Собрание вела Надя Мухина. Вела неуверенно. Волнуясь, она читала заявление Люси, которая стояла тут же, сбоку, у стола. Голос Мухиной доносился до нее как будто издалека. Перед глазами — сосредоточенные лица комсомольцев. Почти все девчата. Алексей Платонович в последнем ряду. Стельмах — в третьем.
Люся хорошо знала, что ее поддержат Алексей Платонович, и Стельмах, и санитарка инфекционного отделения Нина Коломийченко, что сидит рядом с ним, и Надя Мухина. А вот что скажут другие? Что скажет Ирина?
Ирину Михееву все побаивались немного. Побаивались и уважали.
«На ее долю выпало за войну очень много, — думала Люся. — И потому все уважают ее, верят ей. И сейчас самое главное — что скажет она, секретарь. У нее на все свое суждение, иногда совершенно непонятное, вот как в истории с Никишиным, например. Когда все его осуждали, она одна взяла под защиту. «Он настоящий мужчина… и человек, — говорила Ирина, — смелый, решительный. И заслуги перед Родиной у него — тоже настоящие. А что куролесит, так это не от злости, а от глупости. Нет над ним руки настоящей, вот он и несет, как норовистая лошадь, что узду оборвала. Был бы он в моих руках — как шелковый ходил бы». Кто его знает, — думала Люся, — может и в самом деле он как шелковый ходил бы на поводу у этой Ирины. Видно, она умеет парней в руках держать».

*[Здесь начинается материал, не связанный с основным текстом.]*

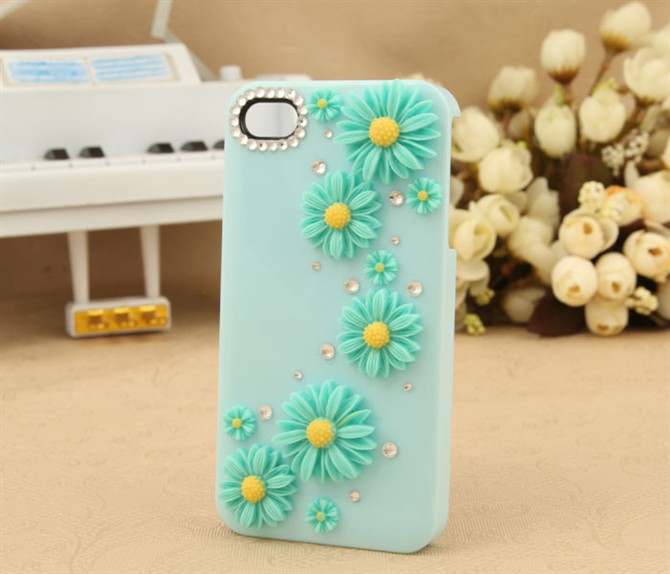 iphone5轺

Нина Коломийченко как-то показала Люсе фотографию: небольшая густо заснеженная поляна в лесу, разлапистая ель с низко опущенными от снега ветками. Впереди — молодой лейтенант с автоматом через плечо. Это — муж Ирины. Ирина рядом — в полушубке, шапке-ушанке, чуть сбитой набекрень, и рукавицах, тоже с автоматом. Она улыбается. Лицо светится тихой радостью. Красивое девичье лицо. Такое встретишь разве что на иллюстрациях к древнерусским былинам или уральским сказам. Люся даже подумала, что с такой вот писать бы хозяйку Медной горы или Снегурочку. Парень смотрит на нее, глаз не сводит, как завороженный… Сейчас Ирина совсем другая — крепко сжатые губы, суровые складки у рта, черная повязка через левый глаз… И все же Люся поменялась бы с ней. Потому что пережитое Ириной возвышает, заставляет уважать. А Люсе приходится… стыдиться своего прошлого!..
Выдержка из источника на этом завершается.